橋本治・作家への道

 小説家になるような人は、たいていが子供の頃から本が大好きで本ばかり読んでいるうちに自分でもなにか書き出すようになる、というのがほとんどであろう。橋本治の場合はまったく違う。なにしろ高校生のころは全部で17冊くらいしか読んだことがなかったと書いているくらいである。かれはもともと映画マニアで、絵描き志望であった。それがなにゆえにあれほどの厖大な著作を残す作家となっていったのか。そこにはなんとも奇妙としか言いようのない経緯があったのである。
 
 かれが高校生のときの話である。オードリーヘップバーン主演の有名なミュージカル映画・マイフェアレディが日本で公開されたときのこと、ピンクを基調とした華麗なポスターが宣伝に使われていた。いまもパンフレットの表紙となっている有名なイラストレーションである。橋本はこのポスターに強く惹かれた。どうしてもそれが欲しかった。しかしそれを手に入れる術はない。どうしたか。なんとか入手したちいさなチラシをもとに、自分で描き始めたのである。絵が好きではあったが、別に油絵描きになりたいわけでもないし、自らの行く末が曖昧であった彼にとって、これは一つの天啓であった。イラストレーターになる。

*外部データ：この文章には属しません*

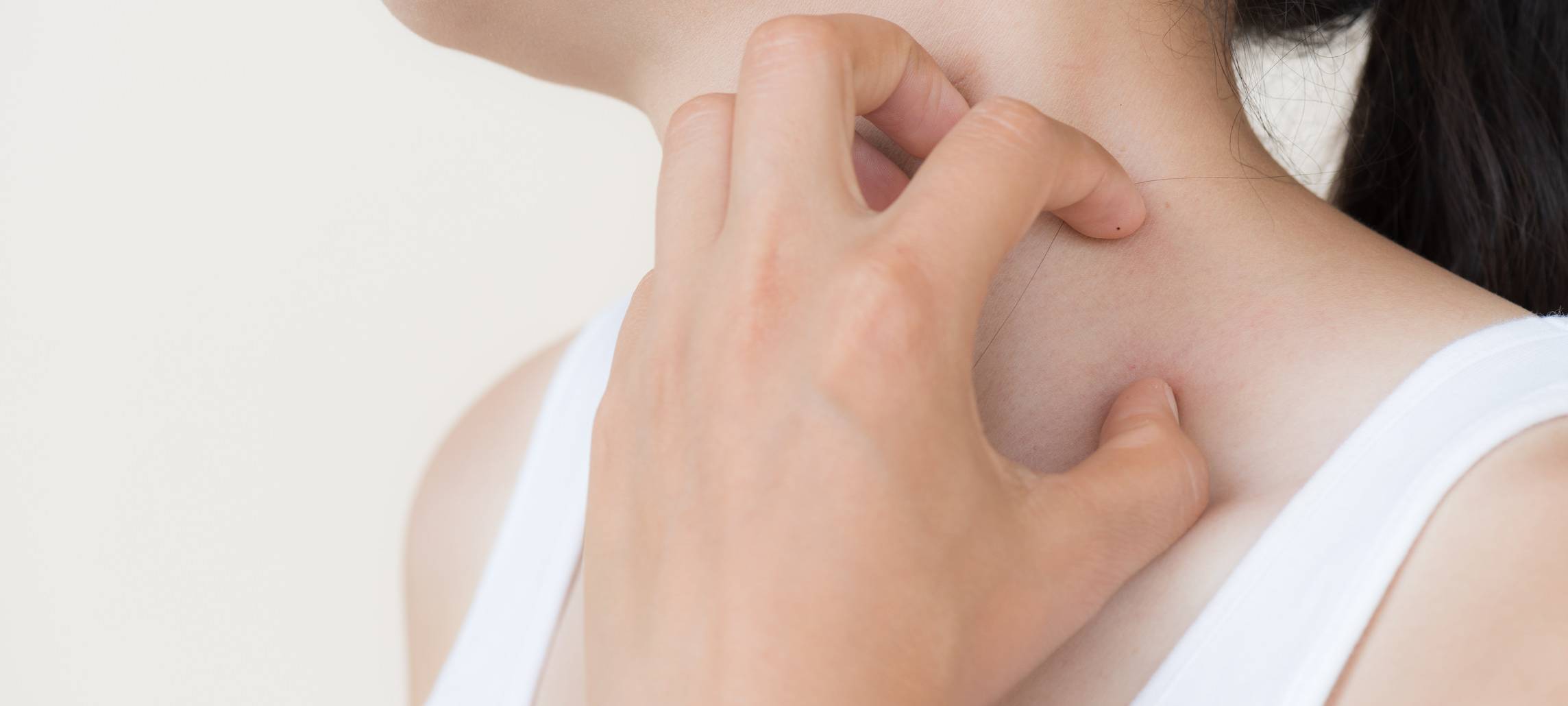 Weniger Krätze-Fälle im Kreis Recklinghausen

 橋本は、美術大学への進学を希望していた。しかし、将来それで生計を立てていけるのか、という父親の言葉に自信をもって答えることができず、一年間の浪人生活を経て東京大学へ進学する。もともと実家は商売を営んでおり、それでメシが食えるかどうかという問いかけは、彼にとって大きな説得力をもつものであったのだ。ただ、浪人時代にも映画雑誌にスターの似顔絵を投稿して小遣い稼ぎはしていた。ところが駒場祭のときに描いた「とめてくれるなおっかさん」という有名な文句を描いたポスターが、当時の大学紛争の時代とマッチしたためもあって、社会的反響を呼んでしまう。まったくひょんなことから彼は大学生でありながらプロフェッショナルのイラストレーターになってしまったのである。

 そののち彼は、大学に通いつつ、依頼された仕事はなんでもこなす職人的な絵描きとして十年近く活動していく。大人気テレビドラマ「時間ですよ」のタイトルバックや、大ヒット歌謡曲「昭和枯れすすき」のレコードジャケットなど、厖大な仕事をこなしていった。しかしながら彼のなかでは、しだいにある違和感が大きくなっていったのだという。それは、これらははたして本当に自分が描きたい絵なのか、本当に自分がやりたい仕事なのか、という思いなのだった。

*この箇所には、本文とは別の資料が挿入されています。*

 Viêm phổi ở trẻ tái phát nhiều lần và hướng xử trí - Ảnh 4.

 そんなある時。彼の頭の中に一つのメロディのようなものが湧き上がってきた。いったいこれはなんだろうか。よくわからないままにそれを書き留めていた彼のなかに、次から次へと別のメロディが浮かんでくる。しかもそれぞれに歌詞までついている。それらを眺めていた彼はあることに気付く。これをまとめると一つのミュージカル劇が出来上がると。橋本の東大での専攻は歌舞伎、卒業論文は四世鶴屋南北についてである。芝居・戯曲についてはもともと専門家であった。何か月かかけて彼は文筆家としての処女作を完成させたのである。

 知り合いの編集者に作品を見てもらった。感想は「日本ではミュージカルは流行らない」というものだった。劇団四季がポピュラリティを獲得する以前の話である。しかし彼は、なんとしても自分の作品を世に出したかった。作家志望ではなかった自分のなかからまったく自然に湧き上がってきた、自分自身でもあるような作品である。そこで彼はどうしたか。自分が有名な作家になればこれが出版できると考えたのである。じつに橋本的というか逆立ちした発想は作家デビュー以前からすでにしてそこにあった。ミュージカルがダメなら、というわけで次に書いたのは「義経伝説」という普通の芝居である。ところが今度は戯曲はよくわからない、という感想。それでも彼はくじけることはしない。普通の小説、当時中間小説と呼ばれた一般的な小説を書こうと考えた。しかも小説の賞を決める選考委員はみんなおじさんである。おじさんはみんな女子高生が好きである。ならば女子高生を主人公とした小説を書けば評価されるかもしれない。女性主人公による一人称小説を書くにあたって参考にしたのは谷崎潤一郎の「卍」であるという。ともあれかれにとっていまだに代表作のひとつである「桃尻娘」はこうして日の目を見たのである。

 こうして橋本治は小説家になってしまった。そののち40年ほど彼は小説家・評論家として厖大な著作をあらわし、出版界に押しも押されもせぬ存在となった。橋本治という作家の特異性をまるで裏付けてでもいるかのような、不思議な「作家への道」なのであった。